I saw this and thought of you:

It was on 'Late Junction' on BBC Radio 3 on Tuesday night - try their listen again option and head for the final track of the evening.

p.s. - great blog, keep up the good work

September 22, 2005 4:25 AM  
Blogger Geoff Manaugh said...

Always good to be thought of... Thanks for the link; will listen soon.
Meanwhile, recently came upon some old files and print-outs that I knew would come in handy someday... mostly old New Scientist articles. In any case, 11 September 1999 saw the publication of an article called 'The planet that hums', in which we read about 'the background free oscillations of the Earth.' These oscillations are later referred to simply as 'the Hum': 'The Hum is far too low for human ears to detect and is so feeble that a single 5.5-magnitude earthquake can blot it out. That's just as well because, if you could hear it, the Hum might drive you mad.'
This is 'the planetary plainsong' made of 'three-dimensional tangles of vibrations at scores of different frequencies and pointing in different directions.' In the Hum's moan, 'individual "notes" constantly drop out and reappear'. Etc. etc. The author compares the Earth to 'a huge Aeolian harp'.
More on all this soon.
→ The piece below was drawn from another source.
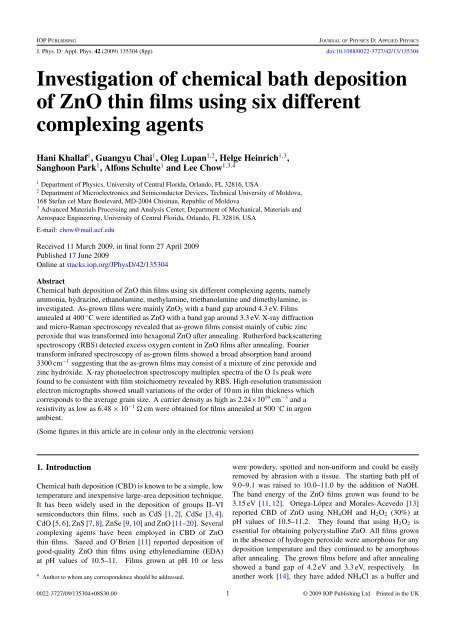 Investigation of chemical bath deposition of ZnO ... - ResearchGate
Including some CDs I was reminded of by Rob's comment -

September 22, 2005 12:54 PM  
Anonymous Anonymous said...

Yes I have "Vent de Guitares" from Garlo.
Strange music, he speaks of " Geo acoustic music".
He made another creation in Japan called "Kaze".
And in Navajo country called Earth Link.
Vent de Guitares is the music of 54 guitars played by the wind.
Kaze is more a wind album concept with just one track played by the wind.
In Earth link he used music played by the wind to make drones & kind of synths sound.